Exercise goal - An exact restatement of the records below is expected.

(Records from a collection)
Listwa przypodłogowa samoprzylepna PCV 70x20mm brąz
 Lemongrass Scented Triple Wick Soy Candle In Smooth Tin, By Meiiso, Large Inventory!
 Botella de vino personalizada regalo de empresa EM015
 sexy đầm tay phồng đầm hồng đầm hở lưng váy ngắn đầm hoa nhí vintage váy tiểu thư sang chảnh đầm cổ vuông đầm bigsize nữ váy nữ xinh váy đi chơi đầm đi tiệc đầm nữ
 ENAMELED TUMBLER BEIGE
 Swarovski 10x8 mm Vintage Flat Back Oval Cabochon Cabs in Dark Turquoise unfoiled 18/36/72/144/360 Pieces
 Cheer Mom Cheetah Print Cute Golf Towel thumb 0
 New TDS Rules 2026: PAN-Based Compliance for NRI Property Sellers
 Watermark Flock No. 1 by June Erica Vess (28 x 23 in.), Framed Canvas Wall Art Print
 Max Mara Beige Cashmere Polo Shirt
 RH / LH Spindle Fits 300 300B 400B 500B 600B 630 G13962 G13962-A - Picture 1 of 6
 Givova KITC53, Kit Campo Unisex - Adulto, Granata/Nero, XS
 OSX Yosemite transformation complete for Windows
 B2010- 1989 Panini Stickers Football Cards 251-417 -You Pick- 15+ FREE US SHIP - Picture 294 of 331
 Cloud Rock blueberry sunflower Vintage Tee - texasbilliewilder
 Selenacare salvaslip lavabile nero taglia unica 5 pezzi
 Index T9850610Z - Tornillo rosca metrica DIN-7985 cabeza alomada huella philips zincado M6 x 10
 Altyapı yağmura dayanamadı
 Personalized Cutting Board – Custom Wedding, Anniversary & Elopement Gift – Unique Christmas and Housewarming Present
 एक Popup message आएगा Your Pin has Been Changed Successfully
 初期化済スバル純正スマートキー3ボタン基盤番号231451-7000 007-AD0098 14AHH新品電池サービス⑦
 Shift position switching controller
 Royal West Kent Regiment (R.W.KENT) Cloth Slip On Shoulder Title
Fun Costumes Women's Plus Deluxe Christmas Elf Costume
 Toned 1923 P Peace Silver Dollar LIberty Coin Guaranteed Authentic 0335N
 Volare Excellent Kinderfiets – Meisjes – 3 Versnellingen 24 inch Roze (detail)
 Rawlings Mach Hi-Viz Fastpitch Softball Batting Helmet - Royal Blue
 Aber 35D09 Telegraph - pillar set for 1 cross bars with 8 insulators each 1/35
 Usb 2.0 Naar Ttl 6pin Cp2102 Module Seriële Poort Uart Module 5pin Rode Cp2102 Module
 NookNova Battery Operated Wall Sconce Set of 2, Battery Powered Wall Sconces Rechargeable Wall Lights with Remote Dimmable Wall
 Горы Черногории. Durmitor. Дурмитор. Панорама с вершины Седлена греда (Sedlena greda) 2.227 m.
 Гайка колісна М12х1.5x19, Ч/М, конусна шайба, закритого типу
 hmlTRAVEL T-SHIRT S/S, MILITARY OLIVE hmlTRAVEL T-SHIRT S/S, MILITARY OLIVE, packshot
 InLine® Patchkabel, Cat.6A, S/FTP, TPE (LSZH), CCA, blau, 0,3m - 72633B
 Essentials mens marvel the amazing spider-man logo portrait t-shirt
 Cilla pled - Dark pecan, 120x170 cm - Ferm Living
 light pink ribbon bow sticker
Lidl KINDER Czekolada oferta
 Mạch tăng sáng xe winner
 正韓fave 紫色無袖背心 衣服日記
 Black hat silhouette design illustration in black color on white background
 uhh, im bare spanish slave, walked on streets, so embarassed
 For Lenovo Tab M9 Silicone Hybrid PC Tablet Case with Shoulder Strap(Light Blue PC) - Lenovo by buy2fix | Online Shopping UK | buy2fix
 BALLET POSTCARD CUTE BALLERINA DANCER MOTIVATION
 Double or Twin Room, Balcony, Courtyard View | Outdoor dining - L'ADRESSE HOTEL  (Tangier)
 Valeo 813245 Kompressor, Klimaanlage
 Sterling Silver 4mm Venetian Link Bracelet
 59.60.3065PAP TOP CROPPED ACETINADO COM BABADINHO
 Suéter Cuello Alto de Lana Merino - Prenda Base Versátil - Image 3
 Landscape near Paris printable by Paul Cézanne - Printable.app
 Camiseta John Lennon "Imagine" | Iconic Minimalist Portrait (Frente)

Written reply -
Listwa przypodłogowa samoprzylepna PCV 70x20mm brąz
 Lemongrass Scented Triple Wick Soy Candle In Smooth Tin, By Meiiso, Large Inventory!
 Botella de vino personalizada regalo de empresa EM015
 sexy đầm tay phồng đầm hồng đầm hở lưng váy ngắn đầm hoa nhí vintage váy tiểu thư sang chảnh đầm cổ vuông đầm bigsize nữ váy nữ xinh váy đi chơi đầm đi tiệc đầm nữ
 ENAMELED TUMBLER BEIGE
 Swarovski 10x8 mm Vintage Flat Back Oval Cabochon Cabs in Dark Turquoise unfoiled 18/36/72/144/360 Pieces
 Cheer Mom Cheetah Print Cute Golf Towel thumb 0
 New TDS Rules 2026: PAN-Based Compliance for NRI Property Sellers
 Watermark Flock No. 1 by June Erica Vess (28 x 23 in.), Framed Canvas Wall Art Print
 Max Mara Beige Cashmere Polo Shirt
 RH / LH Spindle Fits 300 300B 400B 500B 600B 630 G13962 G13962-A - Picture 1 of 6
 Givova KITC53, Kit Campo Unisex - Adulto, Granata/Nero, XS
 OSX Yosemite transformation complete for Windows
 B2010- 1989 Panini Stickers Football Cards 251-417 -You Pick- 15+ FREE US SHIP - Picture 294 of 331
 Cloud Rock blueberry sunflower Vintage Tee - texasbilliewilder
 Selenacare salvaslip lavabile nero taglia unica 5 pezzi
 Index T9850610Z - Tornillo rosca metrica DIN-7985 cabeza alomada huella philips zincado M6 x 10
 Altyapı yağmura dayanamadı
 Personalized Cutting Board – Custom Wedding, Anniversary & Elopement Gift – Unique Christmas and Housewarming Present
 एक Popup message आएगा Your Pin has Been Changed Successfully
 初期化済スバル純正スマートキー3ボタン基盤番号231451-7000 007-AD0098 14AHH新品電池サービス⑦
 Shift position switching controller
 Royal West Kent Regiment (R.W.KENT) Cloth Slip On Shoulder Title
Fun Costumes Women's Plus Deluxe Christmas Elf Costume
 Toned 1923 P Peace Silver Dollar LIberty Coin Guaranteed Authentic 0335N
 Volare Excellent Kinderfiets – Meisjes – 3 Versnellingen 24 inch Roze (detail)
 Rawlings Mach Hi-Viz Fastpitch Softball Batting Helmet - Royal Blue
 Aber 35D09 Telegraph - pillar set for 1 cross bars with 8 insulators each 1/35
 Usb 2.0 Naar Ttl 6pin Cp2102 Module Seriële Poort Uart Module 5pin Rode Cp2102 Module
 NookNova Battery Operated Wall Sconce Set of 2, Battery Powered Wall Sconces Rechargeable Wall Lights with Remote Dimmable Wall
 Горы Черногории. Durmitor. Дурмитор. Панорама с вершины Седлена греда (Sedlena greda) 2.227 m.
 Гайка колісна М12х1.5x19, Ч/М, конусна шайба, закритого типу
 hmlTRAVEL T-SHIRT S/S, MILITARY OLIVE hmlTRAVEL T-SHIRT S/S, MILITARY OLIVE, packshot
 InLine® Patchkabel, Cat.6A, S/FTP, TPE (LSZH), CCA, blau, 0,3m - 72633B
 Essentials mens marvel the amazing spider-man logo portrait t-shirt
 Cilla pled - Dark pecan, 120x170 cm - Ferm Living
 light pink ribbon bow sticker
Lidl KINDER Czekolada oferta
 Mạch tăng sáng xe winner
 正韓fave 紫色無袖背心 衣服日記
 Black hat silhouette design illustration in black color on white background
 uhh, im bare spanish slave, walked on streets, so embarassed
 For Lenovo Tab M9 Silicone Hybrid PC Tablet Case with Shoulder Strap(Light Blue PC) - Lenovo by buy2fix | Online Shopping UK | buy2fix
 BALLET POSTCARD CUTE BALLERINA DANCER MOTIVATION
 Double or Twin Room, Balcony, Courtyard View | Outdoor dining - L'ADRESSE HOTEL  (Tangier)
 Valeo 813245 Kompressor, Klimaanlage
 Sterling Silver 4mm Venetian Link Bracelet
 59.60.3065PAP TOP CROPPED ACETINADO COM BABADINHO
 Suéter Cuello Alto de Lana Merino - Prenda Base Versátil - Image 3
 Landscape near Paris printable by Paul Cézanne - Printable.app
 Camiseta John Lennon "Imagine" | Iconic Minimalist Portrait (Frente)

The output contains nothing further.